=== Records ===
※ ※ ※

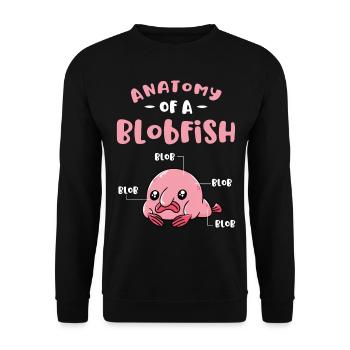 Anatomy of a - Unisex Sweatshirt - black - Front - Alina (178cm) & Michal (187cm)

※ ※ ※

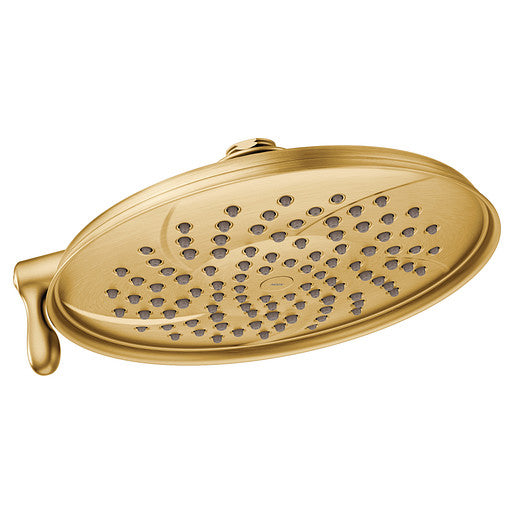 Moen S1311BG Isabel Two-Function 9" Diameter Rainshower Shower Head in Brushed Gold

※ ※ ※

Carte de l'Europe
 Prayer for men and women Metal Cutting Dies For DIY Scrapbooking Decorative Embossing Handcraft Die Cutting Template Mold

※ ※ ※

=== Exercise prompt ===
Everything starting at the line containing "Carte de l'Europe" and ending at the line containing "Prayer for men" in the records above should be repeated exactly, and only that.

=== Problem solution ===
Carte de l'Europe
 Prayer for men and women Metal Cutting Dies For DIY Scrapbooking Decorative Embossing Handcraft Die Cutting Template Mold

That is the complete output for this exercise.